- Excerpted records:

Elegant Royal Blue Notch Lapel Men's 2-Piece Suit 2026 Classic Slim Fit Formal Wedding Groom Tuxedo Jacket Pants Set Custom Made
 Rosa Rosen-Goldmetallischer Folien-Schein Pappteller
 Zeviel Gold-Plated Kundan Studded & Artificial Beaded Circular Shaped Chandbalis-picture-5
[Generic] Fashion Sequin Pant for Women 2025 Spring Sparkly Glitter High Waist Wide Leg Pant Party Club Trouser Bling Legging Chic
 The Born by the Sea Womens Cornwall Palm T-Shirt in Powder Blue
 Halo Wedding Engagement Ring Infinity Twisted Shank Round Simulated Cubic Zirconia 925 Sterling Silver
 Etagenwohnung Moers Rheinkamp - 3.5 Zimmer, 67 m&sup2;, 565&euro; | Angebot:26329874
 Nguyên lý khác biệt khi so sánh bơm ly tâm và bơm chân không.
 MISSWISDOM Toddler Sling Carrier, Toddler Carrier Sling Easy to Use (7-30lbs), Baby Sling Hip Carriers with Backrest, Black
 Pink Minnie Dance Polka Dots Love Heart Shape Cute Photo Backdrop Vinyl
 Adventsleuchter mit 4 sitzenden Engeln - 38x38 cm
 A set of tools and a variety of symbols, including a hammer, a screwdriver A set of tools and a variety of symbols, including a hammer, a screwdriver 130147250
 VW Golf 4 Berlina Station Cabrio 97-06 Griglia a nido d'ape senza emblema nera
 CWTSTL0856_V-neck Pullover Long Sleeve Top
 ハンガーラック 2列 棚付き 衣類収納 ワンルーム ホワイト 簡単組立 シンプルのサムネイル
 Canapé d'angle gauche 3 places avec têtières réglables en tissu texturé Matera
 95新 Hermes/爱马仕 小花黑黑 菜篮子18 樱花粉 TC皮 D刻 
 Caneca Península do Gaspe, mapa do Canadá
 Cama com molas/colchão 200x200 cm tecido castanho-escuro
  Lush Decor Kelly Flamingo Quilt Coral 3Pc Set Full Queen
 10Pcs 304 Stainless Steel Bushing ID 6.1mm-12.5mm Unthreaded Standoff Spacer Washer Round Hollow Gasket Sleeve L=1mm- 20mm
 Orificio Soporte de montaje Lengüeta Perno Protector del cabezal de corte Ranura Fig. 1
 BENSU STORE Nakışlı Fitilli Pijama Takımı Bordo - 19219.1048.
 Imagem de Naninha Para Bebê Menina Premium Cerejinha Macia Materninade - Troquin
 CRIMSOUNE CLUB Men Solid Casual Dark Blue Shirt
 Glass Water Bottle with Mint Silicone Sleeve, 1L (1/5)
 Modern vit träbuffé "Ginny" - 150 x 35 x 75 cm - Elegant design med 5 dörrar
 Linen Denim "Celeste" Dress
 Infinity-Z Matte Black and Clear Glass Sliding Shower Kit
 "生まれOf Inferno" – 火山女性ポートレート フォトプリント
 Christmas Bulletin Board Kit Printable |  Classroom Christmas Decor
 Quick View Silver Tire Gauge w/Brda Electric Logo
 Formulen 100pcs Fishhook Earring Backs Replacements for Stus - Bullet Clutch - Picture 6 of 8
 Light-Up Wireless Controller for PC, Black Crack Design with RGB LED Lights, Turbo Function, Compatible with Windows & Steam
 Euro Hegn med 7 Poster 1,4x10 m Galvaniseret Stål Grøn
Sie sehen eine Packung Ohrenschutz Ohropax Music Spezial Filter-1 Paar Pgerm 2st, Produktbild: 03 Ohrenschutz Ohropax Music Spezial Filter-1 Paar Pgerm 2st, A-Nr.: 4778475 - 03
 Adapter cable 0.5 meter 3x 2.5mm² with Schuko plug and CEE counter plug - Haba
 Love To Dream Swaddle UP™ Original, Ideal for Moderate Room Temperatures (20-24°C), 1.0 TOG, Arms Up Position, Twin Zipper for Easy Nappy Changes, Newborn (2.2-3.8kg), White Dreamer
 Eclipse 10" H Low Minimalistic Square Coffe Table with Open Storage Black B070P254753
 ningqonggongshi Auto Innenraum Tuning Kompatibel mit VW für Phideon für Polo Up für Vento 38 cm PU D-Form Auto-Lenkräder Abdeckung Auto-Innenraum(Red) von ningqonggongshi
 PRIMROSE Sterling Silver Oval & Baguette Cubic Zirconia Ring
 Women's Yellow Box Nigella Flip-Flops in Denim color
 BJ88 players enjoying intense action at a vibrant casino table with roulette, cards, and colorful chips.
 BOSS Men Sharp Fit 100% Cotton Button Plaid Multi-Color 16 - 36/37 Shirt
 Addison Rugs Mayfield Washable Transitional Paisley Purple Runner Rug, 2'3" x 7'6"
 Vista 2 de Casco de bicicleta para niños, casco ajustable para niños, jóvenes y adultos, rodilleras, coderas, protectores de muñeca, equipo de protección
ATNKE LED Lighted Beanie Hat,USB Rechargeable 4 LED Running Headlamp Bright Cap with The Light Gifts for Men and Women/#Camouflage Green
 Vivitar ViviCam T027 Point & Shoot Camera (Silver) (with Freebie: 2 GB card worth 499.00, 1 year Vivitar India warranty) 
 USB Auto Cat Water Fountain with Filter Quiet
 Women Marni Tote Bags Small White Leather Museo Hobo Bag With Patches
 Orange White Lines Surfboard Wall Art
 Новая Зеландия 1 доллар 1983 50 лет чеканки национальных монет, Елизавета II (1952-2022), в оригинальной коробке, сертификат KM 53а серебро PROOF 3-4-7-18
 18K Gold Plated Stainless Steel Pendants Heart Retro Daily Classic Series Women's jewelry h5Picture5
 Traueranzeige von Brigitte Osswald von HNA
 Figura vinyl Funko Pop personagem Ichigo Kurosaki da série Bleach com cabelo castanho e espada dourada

- Aim of the exercise:
Set down exactly the lines above that run from the start of the listing to the line with "Zeviel Gold-Plated Kundan". Leave out every later line.

- Answer to the exercise:
Elegant Royal Blue Notch Lapel Men's 2-Piece Suit 2026 Classic Slim Fit Formal Wedding Groom Tuxedo Jacket Pants Set Custom Made
 Rosa Rosen-Goldmetallischer Folien-Schein Pappteller
 Zeviel Gold-Plated Kundan Studded & Artificial Beaded Circular Shaped Chandbalis-picture-5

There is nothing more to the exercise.